1959

Création officielle du BRGM

Durant la période d’après-guerre, la création de bureaux miniers dans le monde s’accroît. Inspiré du modèle du bureau de recherches et de participations minières au Maroc, le Bureau Minier de la France d'Outre-Mer (BUMIFOM) et le Bureau minier guyanais voient le jour. En 1958, le contexte international évolue : la Communauté européenne est créée, différents pays d’Afrique et Madagascar deviennent indépendants. C’est dans ce contexte que la décision est prise de regrouper les organismes de recherches géologiques. Le 23 octobre 1959, le BRGM voit le jour.

Le siège social du BUMIFOM à Tananarive (Madagascar, 1950).
Le siège social du BUMIFOM à Tananarive (Madagascar, 1950). © BRGM

Après-guerre, la France s’équipe de structures capables d’agir dans le domaine minier en s’inspirant d’un modèle éprouvé, celui du Bureau de recherches et de participations minières (BRPM), créé en 1928 au Maroc, alors sous protectorat français. C’est ainsi qu’en 1948 le Bureau de recherches minières de l’Algérie (BRMA) et le Bureau minier de la France d’outre-mer (Bumifom) voient le jour, suivis l’année suivante par le Bureau minier guyanais (BMG).
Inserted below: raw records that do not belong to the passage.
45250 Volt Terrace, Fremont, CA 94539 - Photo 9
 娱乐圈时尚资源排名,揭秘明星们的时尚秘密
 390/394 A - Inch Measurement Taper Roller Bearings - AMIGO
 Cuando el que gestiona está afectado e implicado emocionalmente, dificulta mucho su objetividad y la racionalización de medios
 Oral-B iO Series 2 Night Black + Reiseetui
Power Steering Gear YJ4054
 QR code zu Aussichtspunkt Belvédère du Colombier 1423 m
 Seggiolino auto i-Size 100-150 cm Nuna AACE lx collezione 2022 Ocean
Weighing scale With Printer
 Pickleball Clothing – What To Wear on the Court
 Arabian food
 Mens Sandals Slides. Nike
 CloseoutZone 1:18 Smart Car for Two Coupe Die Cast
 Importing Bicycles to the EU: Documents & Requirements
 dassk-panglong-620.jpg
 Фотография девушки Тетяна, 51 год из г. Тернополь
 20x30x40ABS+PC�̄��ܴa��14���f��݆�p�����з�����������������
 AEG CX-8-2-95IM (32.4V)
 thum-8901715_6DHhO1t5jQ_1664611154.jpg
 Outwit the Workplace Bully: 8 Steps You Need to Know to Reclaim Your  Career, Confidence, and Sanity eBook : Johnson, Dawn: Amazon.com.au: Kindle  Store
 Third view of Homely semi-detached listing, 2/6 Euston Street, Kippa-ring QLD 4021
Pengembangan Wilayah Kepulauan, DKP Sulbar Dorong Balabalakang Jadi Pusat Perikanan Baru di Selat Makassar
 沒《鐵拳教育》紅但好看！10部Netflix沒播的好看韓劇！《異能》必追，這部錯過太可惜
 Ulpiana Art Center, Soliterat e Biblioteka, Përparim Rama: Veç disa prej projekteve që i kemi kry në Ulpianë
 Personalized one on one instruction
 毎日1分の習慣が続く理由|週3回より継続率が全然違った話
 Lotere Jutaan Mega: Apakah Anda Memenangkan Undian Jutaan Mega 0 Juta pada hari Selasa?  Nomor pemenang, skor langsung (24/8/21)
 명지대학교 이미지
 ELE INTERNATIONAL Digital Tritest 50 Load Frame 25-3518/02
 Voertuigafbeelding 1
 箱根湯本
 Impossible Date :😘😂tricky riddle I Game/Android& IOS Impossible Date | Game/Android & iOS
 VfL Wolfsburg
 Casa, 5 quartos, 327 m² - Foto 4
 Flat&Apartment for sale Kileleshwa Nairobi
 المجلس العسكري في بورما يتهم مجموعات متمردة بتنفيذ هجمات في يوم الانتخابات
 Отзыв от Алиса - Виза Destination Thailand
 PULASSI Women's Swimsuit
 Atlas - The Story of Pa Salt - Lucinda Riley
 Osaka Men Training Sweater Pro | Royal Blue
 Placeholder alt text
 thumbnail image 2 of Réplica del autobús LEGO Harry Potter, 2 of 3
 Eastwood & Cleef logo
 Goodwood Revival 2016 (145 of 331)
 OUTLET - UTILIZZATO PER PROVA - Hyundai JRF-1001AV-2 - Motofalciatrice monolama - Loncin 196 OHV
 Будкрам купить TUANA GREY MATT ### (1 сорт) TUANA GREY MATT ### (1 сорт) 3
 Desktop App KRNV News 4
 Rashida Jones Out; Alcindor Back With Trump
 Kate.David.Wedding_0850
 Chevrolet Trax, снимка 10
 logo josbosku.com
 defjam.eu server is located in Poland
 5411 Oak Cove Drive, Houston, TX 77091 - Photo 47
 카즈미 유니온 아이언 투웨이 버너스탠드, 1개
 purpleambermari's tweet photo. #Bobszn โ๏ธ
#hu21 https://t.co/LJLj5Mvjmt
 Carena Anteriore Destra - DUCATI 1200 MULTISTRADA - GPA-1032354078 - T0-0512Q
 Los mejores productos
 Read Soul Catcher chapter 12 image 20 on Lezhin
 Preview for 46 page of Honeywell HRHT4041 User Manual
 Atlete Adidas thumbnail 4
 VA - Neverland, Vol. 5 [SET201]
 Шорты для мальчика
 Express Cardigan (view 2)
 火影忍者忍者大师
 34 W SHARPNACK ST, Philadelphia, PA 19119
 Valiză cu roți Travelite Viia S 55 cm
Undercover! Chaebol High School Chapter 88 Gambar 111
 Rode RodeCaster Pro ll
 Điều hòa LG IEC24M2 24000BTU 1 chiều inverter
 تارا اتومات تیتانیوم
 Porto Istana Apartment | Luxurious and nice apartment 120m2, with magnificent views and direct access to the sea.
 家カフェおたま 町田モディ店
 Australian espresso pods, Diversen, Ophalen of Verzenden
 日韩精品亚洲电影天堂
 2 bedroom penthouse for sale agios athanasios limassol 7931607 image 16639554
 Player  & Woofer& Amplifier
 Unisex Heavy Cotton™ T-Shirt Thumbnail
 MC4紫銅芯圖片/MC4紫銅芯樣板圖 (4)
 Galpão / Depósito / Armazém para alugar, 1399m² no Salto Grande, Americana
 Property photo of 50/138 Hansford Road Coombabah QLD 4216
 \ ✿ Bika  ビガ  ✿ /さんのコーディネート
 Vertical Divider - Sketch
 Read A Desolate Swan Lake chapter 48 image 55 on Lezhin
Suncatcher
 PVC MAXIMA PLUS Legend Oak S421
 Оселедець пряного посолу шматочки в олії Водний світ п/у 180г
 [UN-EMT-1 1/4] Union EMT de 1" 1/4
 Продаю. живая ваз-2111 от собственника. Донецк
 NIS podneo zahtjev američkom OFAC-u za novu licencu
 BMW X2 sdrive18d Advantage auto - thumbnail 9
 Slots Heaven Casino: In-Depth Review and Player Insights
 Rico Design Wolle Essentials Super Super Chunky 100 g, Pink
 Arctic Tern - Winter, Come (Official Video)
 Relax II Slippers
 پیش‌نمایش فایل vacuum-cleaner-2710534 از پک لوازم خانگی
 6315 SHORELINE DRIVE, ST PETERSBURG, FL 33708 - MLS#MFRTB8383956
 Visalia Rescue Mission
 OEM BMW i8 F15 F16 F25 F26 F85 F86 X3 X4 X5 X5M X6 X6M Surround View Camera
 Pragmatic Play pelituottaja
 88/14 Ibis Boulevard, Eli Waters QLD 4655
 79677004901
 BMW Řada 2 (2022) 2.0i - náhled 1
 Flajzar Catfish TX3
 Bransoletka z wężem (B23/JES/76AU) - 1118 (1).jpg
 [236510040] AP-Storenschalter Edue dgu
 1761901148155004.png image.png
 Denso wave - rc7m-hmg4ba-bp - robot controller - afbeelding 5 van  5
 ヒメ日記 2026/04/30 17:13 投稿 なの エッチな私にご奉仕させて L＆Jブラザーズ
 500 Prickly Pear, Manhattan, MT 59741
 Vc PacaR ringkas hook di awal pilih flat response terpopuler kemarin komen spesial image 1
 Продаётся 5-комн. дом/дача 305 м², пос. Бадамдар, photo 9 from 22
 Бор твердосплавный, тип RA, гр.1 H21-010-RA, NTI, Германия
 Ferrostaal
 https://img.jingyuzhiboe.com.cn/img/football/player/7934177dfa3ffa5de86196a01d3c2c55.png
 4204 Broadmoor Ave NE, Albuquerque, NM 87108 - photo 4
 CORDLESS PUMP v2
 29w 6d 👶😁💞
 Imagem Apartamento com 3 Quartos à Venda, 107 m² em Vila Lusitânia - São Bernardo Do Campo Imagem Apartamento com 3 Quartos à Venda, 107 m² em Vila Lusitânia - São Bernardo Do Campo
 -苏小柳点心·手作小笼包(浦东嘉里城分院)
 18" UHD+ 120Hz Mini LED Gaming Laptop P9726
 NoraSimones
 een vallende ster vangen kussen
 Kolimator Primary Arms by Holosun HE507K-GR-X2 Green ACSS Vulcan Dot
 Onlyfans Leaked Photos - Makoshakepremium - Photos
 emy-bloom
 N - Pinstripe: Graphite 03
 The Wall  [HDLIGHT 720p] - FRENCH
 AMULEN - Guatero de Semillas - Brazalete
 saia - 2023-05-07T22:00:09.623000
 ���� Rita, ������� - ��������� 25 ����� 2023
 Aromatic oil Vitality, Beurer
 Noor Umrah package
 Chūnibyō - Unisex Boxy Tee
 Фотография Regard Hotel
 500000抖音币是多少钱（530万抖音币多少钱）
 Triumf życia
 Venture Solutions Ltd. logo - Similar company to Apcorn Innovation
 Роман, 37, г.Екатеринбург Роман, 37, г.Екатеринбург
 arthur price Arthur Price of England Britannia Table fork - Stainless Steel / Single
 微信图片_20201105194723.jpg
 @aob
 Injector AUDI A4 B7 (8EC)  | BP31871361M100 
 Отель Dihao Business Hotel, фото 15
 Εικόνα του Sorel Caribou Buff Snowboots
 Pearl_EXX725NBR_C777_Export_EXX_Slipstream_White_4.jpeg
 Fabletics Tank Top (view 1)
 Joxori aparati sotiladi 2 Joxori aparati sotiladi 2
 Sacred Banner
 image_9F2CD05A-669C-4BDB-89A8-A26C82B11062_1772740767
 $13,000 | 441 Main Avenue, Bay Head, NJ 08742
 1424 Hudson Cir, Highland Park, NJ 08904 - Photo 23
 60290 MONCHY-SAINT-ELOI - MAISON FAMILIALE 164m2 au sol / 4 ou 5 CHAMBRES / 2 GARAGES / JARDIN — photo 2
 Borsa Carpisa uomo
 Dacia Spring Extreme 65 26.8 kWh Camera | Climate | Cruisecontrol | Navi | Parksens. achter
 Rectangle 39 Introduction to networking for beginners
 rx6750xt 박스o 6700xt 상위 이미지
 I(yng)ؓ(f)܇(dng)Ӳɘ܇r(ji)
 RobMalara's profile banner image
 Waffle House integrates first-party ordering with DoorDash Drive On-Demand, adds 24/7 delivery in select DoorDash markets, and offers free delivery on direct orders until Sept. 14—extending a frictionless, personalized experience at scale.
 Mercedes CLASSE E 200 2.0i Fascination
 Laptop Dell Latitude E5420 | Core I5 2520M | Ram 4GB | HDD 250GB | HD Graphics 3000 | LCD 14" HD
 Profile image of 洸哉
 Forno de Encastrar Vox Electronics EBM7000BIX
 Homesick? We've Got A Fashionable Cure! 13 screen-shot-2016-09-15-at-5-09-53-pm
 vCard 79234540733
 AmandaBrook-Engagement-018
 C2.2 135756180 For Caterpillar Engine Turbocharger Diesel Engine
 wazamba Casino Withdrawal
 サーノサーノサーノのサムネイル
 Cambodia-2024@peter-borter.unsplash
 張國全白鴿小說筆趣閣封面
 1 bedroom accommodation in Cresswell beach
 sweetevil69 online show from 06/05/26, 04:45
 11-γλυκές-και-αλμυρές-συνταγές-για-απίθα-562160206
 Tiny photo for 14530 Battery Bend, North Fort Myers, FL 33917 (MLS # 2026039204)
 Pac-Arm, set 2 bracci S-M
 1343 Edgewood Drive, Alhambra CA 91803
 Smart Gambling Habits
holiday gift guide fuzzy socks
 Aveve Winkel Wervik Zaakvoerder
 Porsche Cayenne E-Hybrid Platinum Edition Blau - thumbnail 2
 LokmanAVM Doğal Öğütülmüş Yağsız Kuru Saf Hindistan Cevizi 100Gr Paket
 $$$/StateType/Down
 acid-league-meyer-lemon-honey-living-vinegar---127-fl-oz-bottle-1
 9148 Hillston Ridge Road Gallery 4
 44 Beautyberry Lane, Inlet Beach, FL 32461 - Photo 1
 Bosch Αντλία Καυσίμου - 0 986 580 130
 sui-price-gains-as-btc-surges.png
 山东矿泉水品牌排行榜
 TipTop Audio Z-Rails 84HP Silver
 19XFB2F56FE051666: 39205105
Structure majeure, le Bumifom, qui a compétence sur les territoires des anciennes Afrique occidentale française (AOF) et Afrique équatoriale française (AEF), sur Madagascar et la Nouvelle-Calédonie, va progressivement absorber la Direction fédérale des mines de l’AOF, l’Institut équatorial des recherches géologiques et minières de Brazzaville, la Direction de la géologie et de la prospection minière du Cameroun et certaines activités à Madagascar et en Nouvelle-Calédonie. En 1958, un accord avec la Communauté européenne du charbon et de l’acier (Ceca) confie au Bumifom l’exploration en AOF et AEF des pondéreux (fer, charbon, manganèse). L’effectif est alors de 2 173 employés, avec entre autres, 28 ingénieurs des mines, 71 géologues et 130 prospecteurs et techniciens.

Un géologue d’exploration devant un bac conglomératique des grès de Mouka, dans la région de Bria Oubanghi-Chari (Tchad, années 1950).
Un géologue d’exploration devant un banc conglomératique des grès de Mouka, dans la région de Bria Oubanghi-Chari (Tchad, années 1950).

Du BRGG au BRGM

En 1953, le BRGG est remplacé par le Bureau de recherches géologiques, géophysiques et minières de la France métropolitaine (BRGGM). Tout en reprenant les attributions du BRGG en matière de recherche géologique et géo physique, cet établissement public à caractère industriel et commercial (ÉPIC) hérite également de ses prérogatives concernant le recueil, l’archivage et la mise à disposition du public de la documentation sur le sous-sol. De plus, il bénéficie de toutes les possibilités offertes à une entreprise minière : il est habilité à acquérir les titres miniers nécessaires à ses activités de prospection et d’exploitation et à la prise de participations dans des sociétés d’exploitation.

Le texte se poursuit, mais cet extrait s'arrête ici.